2. Protect and Cherish Our Heritage: The National Park Service should have adequate resources to serve the American people, through basic federal funding, philanthropic giving, visitor support, and innovative partnerships. National parks and our heritage should be honored, cherished and cared for, so they may exist for future generations to enjoy.
3. Promote Powerful Partnerships: Our national parks and Park Service programs depend on powerful, diverse partnerships. Partnerships help achieve conservation goals, propel visitation, engage youth, preserve cultural heritage, and foster recreation, volunteerism and public service, healthy lifestyles, sustainable jobs and economic vitality. Support from partners and volunteers will thrive as long as there is a clear commitment to sustained federal support for national parks and programs.
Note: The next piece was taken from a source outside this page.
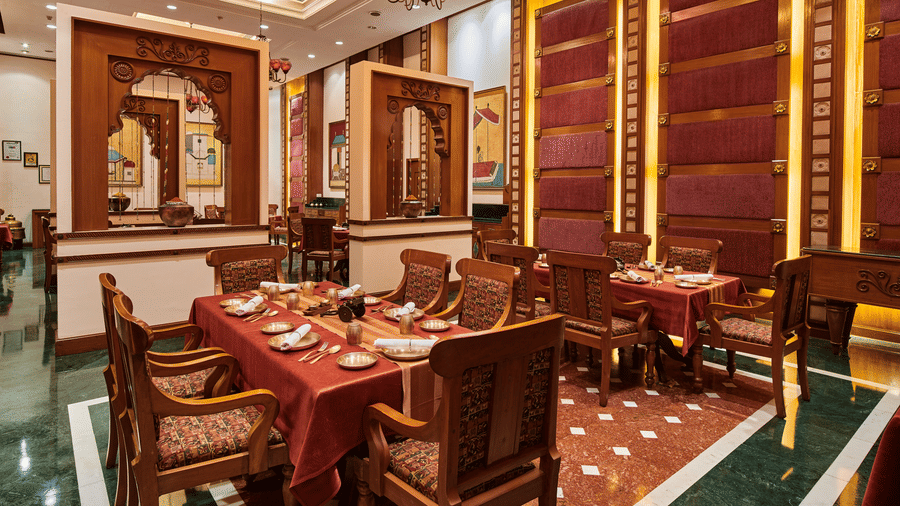 Fine dining restaurant interior at The Ummed Ahmedabad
4. Evolve with a Changing America: The National Park System and its programs should continue to evolve and reflect the growing diversity of our nation, increasing urbanization, and conservation needs in our expanding national community. The National Park Service and its partners must also reflect this diversity in the faces they project and the creativity, innovation, and entrepreneurship they summon to preserve our collective heritage.
5. Enhancing our Quality of Life: National parks and their programs help produce healthy minds and bodies.They should foster connections to communities through trails, waterways, and other means, facilitated by the National Park Service and partners. They should be used to teach us, through our visits and in America’s classrooms, about our natural and cultural heritage, and be available for present and future generations to tap as a reservoir to enhance our enjoyment, health, and quality of life.
6. Deliver Lasting Memories: Families and friends expect to enjoy memorable, outstanding visits to National Park Service sites. Educational and interpretive programs, lodging and food, trails and other recreation facilities should be exceptional, park‐appropriate and responsive to visitor needs, and natural and cultural resources should be in the best possible condition. High quality park experiences should be affordable for all and accessible both physically and virtually.
Currently, those behind the statement are just seeking support from groups, businesses, and organizations that have ties to the parks. Individual signers might be sought down the road.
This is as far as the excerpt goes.